If there is something we can do, let me know. Does out social media help? Can we tweet the legislature and tell them how worried we are? Will it do any good?

b+

http://www.retireinstyleblog.com

Janette said...

I've been writing my congressman.
Fix the TAX CODE!!!!! Now is the time since people are ready for just about anything.
I am ready for the cliff...not in a negative way. My understanding is that dividends and capital gains tax will go up ---but only on the people making more than $100,000 off of them. Sounds fair.
I also can see some of the cuts in Medicare...there are some major abuses out there for people who know the loops in the system (think power chairs). I find it amazing that a place that the average senior has a million in the bank has plenty of Medicare paid for power chairs--and yet the place I volunteer at has none!
AS for the military- start with the contractors!!!!! Get rid of most of them. Those are the Rumsfield cronies who are being made rich off of our troops!
I'm ready for the fall. It will be worth a spurt of unknown IF it really gets fixed (doubtful--- but there is always hope.)

Tom Sightings said...

I feel the frustration, but I think going over the cliff will be cutting off our nose to spite our face. And while I agree there isn't a whole lot we can do, it certainly can't hurt to talk about it and, yes, write your congressperson.

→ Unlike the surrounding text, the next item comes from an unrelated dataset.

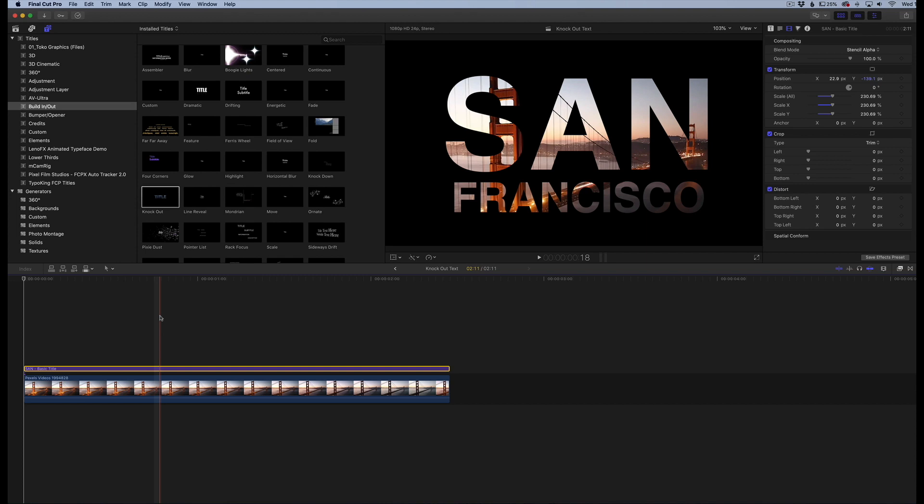All right guys, I appreciate you stopping by this video. If you want to learn more about Final Cut or about any sort of cinematic LUTs, color grading, anything like that, go to lutzslounge.com and you'll find a whole lot of information there. And please remember to subscribe to the YouTube channel, I would very much appreciate it. Thank you guys, and I'll see you in the next one.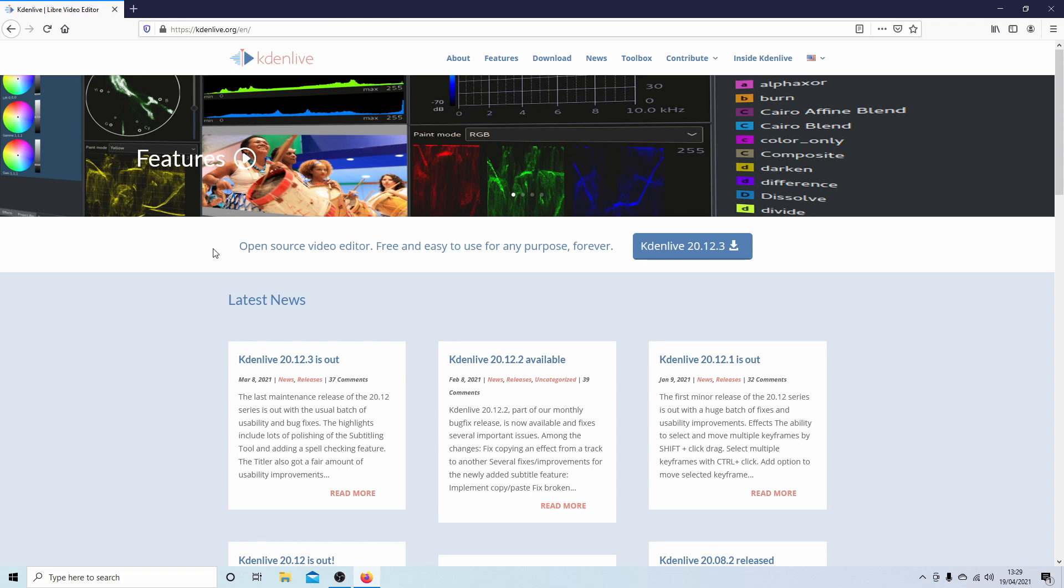In this Kdenlive tutorial I'm going to install version 20.12.3 onto my Windows 10 computer and attempt to do some video editing.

Raising taxes only on dividends and capital gains of over $100,000 sounds fair and reasonable to me, to tax the rich but protect retirees -- but unfortunately for us, the fiscal cliff affects everyone. The $100K limit would be a compromise that would have to be made.

And Olga . . . I feel your pain!

Linda Myers said...

We met with our financial planner today. One of the topics was the fiscal cliff. She said it might not be much of an effect, but it could be more serious. Wanted to make sure we have enough liquidity for a couple of years without having to tap investments (we're lucky to have pensions). She expects the market to come roaring back once the current foolishness passes.

schmidleysscribblins,wordpress.com said...

Having studied this problem for a long time, I am convinced (almost) that falling off the cliff would not be a huge problem.

1.Reinstating the payroll tax would help Social Security recover a bit;

2.Congress and the president could lower taxes next year if the expiration of the 'Bush' tax cuts occurs and we could call them the Obama tax cuts which would make the Dems look like tax heroes;

3.Various departments of government would be forced to examine how they spend money.

I still maintain the Bowles-Simpson plan is the way to go.

Washington Post has a piece on the impending fiscal cliff today (12/2).

Dianne

As for Oliver Stone -- he ain't no historian.